Pakistan’s external account position continues to draw support from strong exports and robust inflows of workers’ remittances, although challenges persist as the current account deficit widened during the first two months of FY2026.
According to official data, the current account recorded a deficit of $624 million in July–August FY2026, compared with $430 million in the same period last year. While the deficit has increased, underlying support from goods exports and remittances has helped mitigate the pressure, ensuring that Pakistan’s external financing needs remain within manageable limits.
Goods exports posted a notable improvement, rising by 10.2 percent to $5.3 billion during the two-month period. This increase was largely driven by gains in traditional high-performing sectors. Knitwear exports surged 16.9 percent, garments grew by 10.6 percent, and bedwear registered an impressive 12.0 percent rise. Together, these categories helped offset some of the pressures created by higher import demand.
Imports, however, grew by 8.8 percent, reaching $10.4 billion.

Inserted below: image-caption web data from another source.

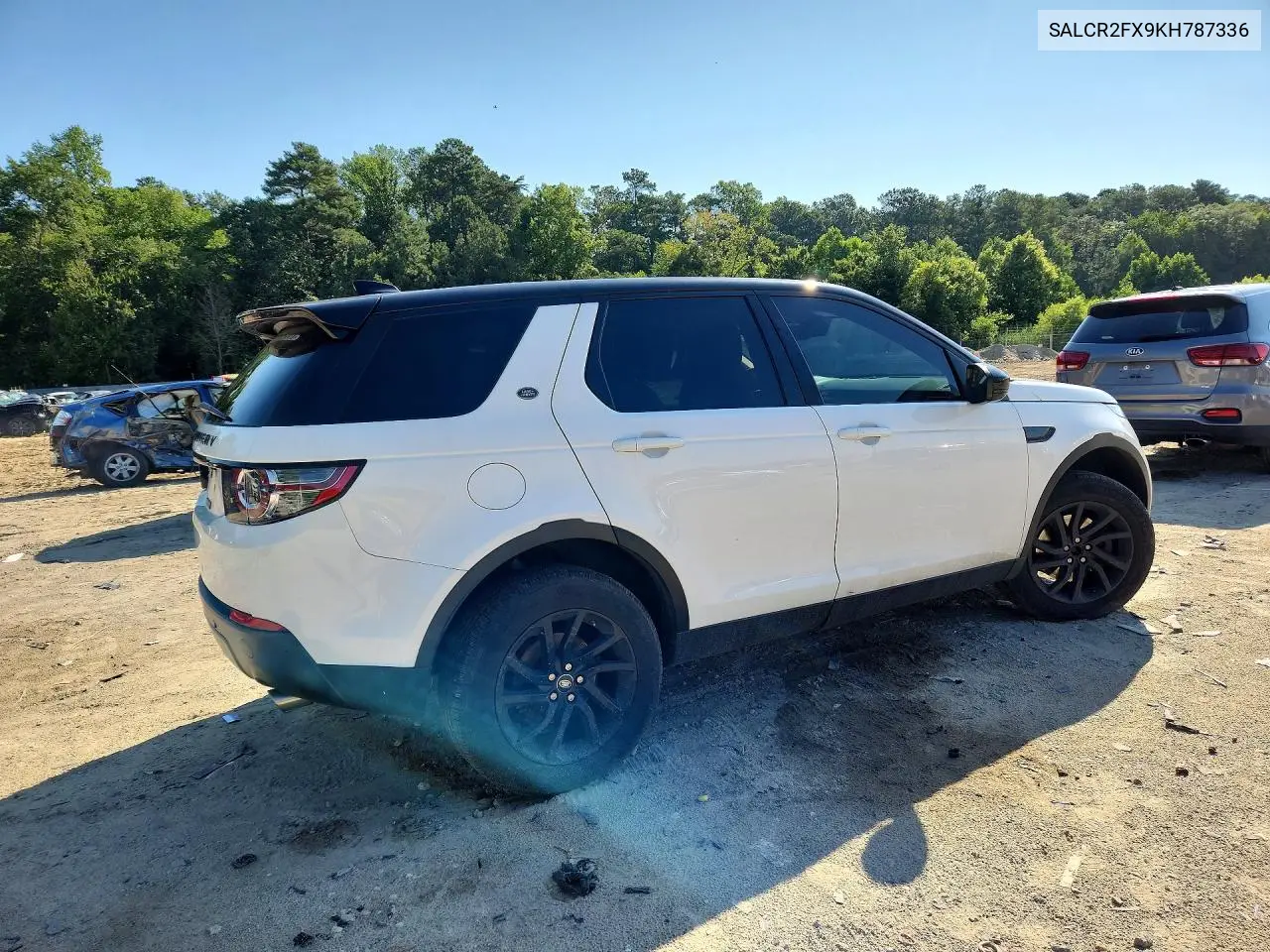 2019 Land Rover Discovery Sport Hse VIN: SALCR2FX9KH787336 Lot: 60296646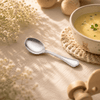 N.F Moon 6-Piece Stainless Steel Silver Dessert Soup Spoon Set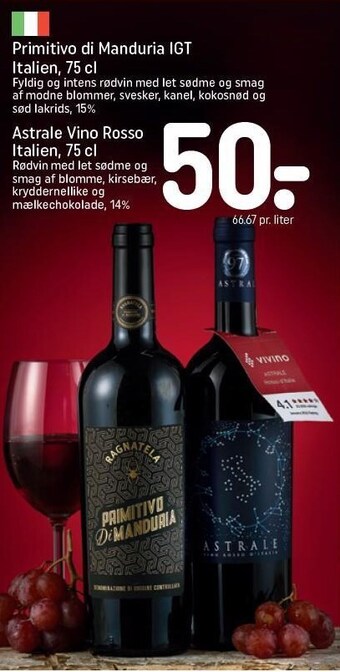 REMA 1000 Primitivo di manduria igt tilbud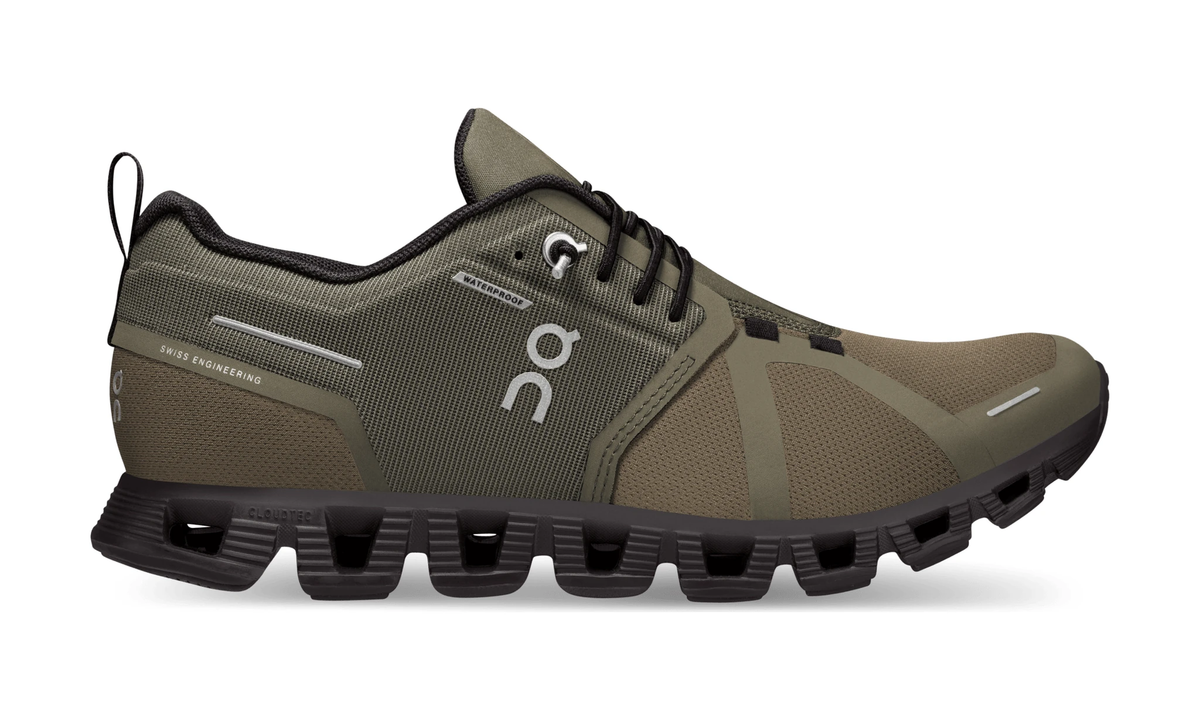 ON Wmns Cloud 5 Waterproof 'Olive Black' - Guerdon Kicks -
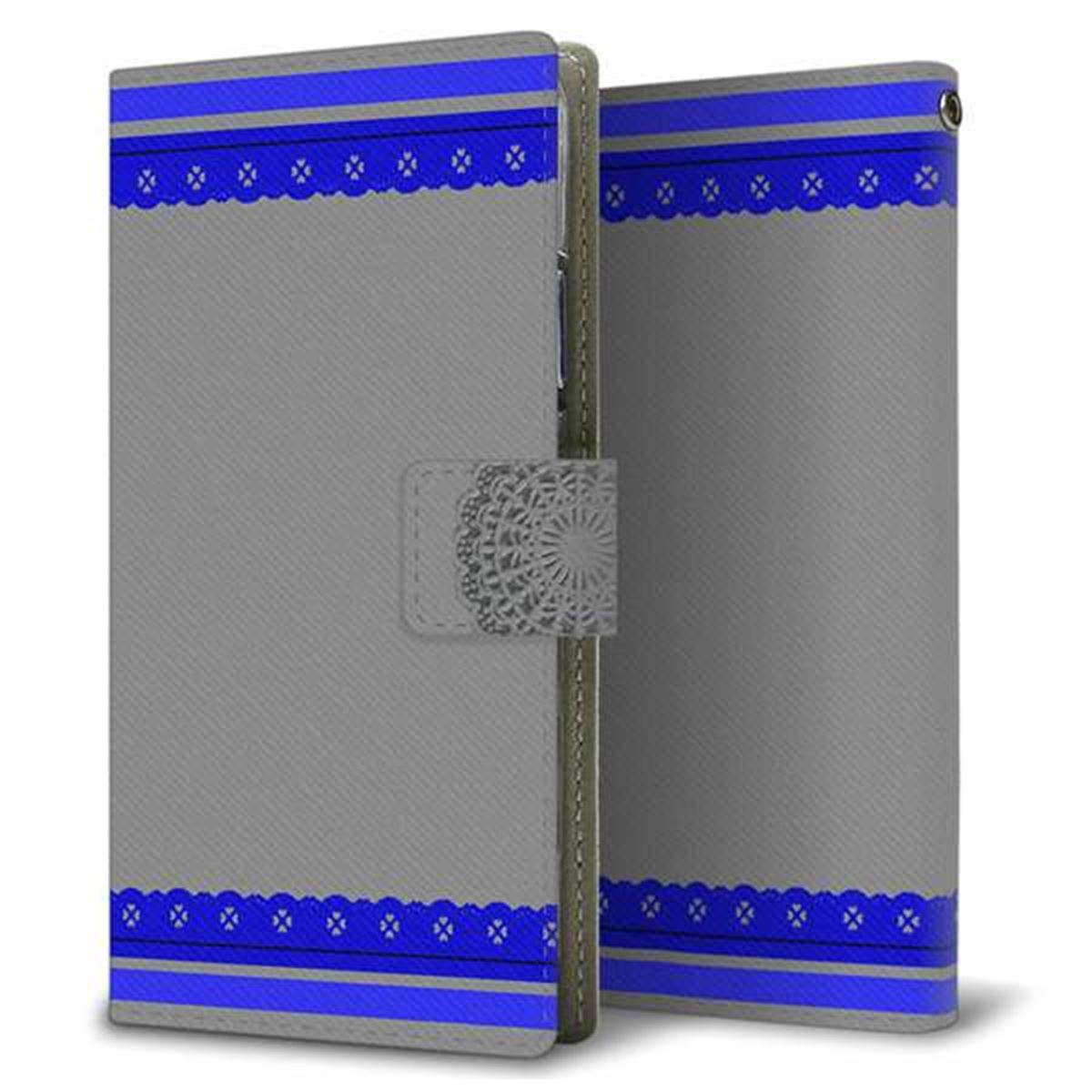 アクオスセンス2 SH-M08 画質仕上げ プリント手帳型ケース(薄型スリム)【YB805 レース03】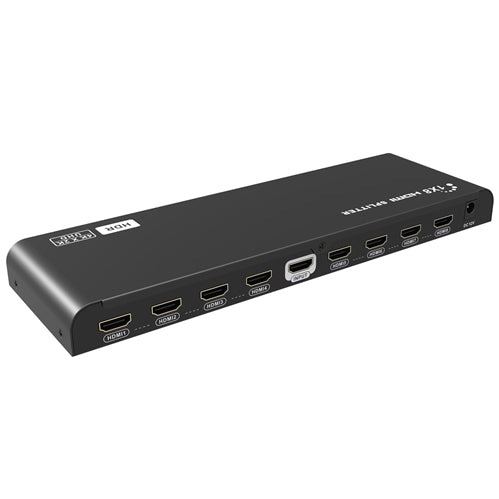 LENKENG 1-In-8-Out HDMI Splitter With HDR & EDID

The largest increases were observed in petroleum products, which rose 17.8 percent, and palm oil, which surged 29.1 percent. On the other hand, petroleum crude imports declined by 6.1 percent, providing some relief to the overall import bill. As a result, the goods trade deficit widened to $5.1 billion compared with $4.8 billion in the same period last year.
Service trade dynamics also contributed to the imbalance. Exports of services grew 11.5 percent to $1.4 billion, driven partly by strong performance in IT and related segments. Service imports, however, increased at a faster pace of 13.4 percent to $2.1 billion, leading to a service trade deficit of $708 million against $604 million a year earlier. Within services, IT exports demonstrated remarkable resilience, growing 18.3 percent to $691.7 million, highlighting the sector’s growing role in Pakistan’s external revenue mix.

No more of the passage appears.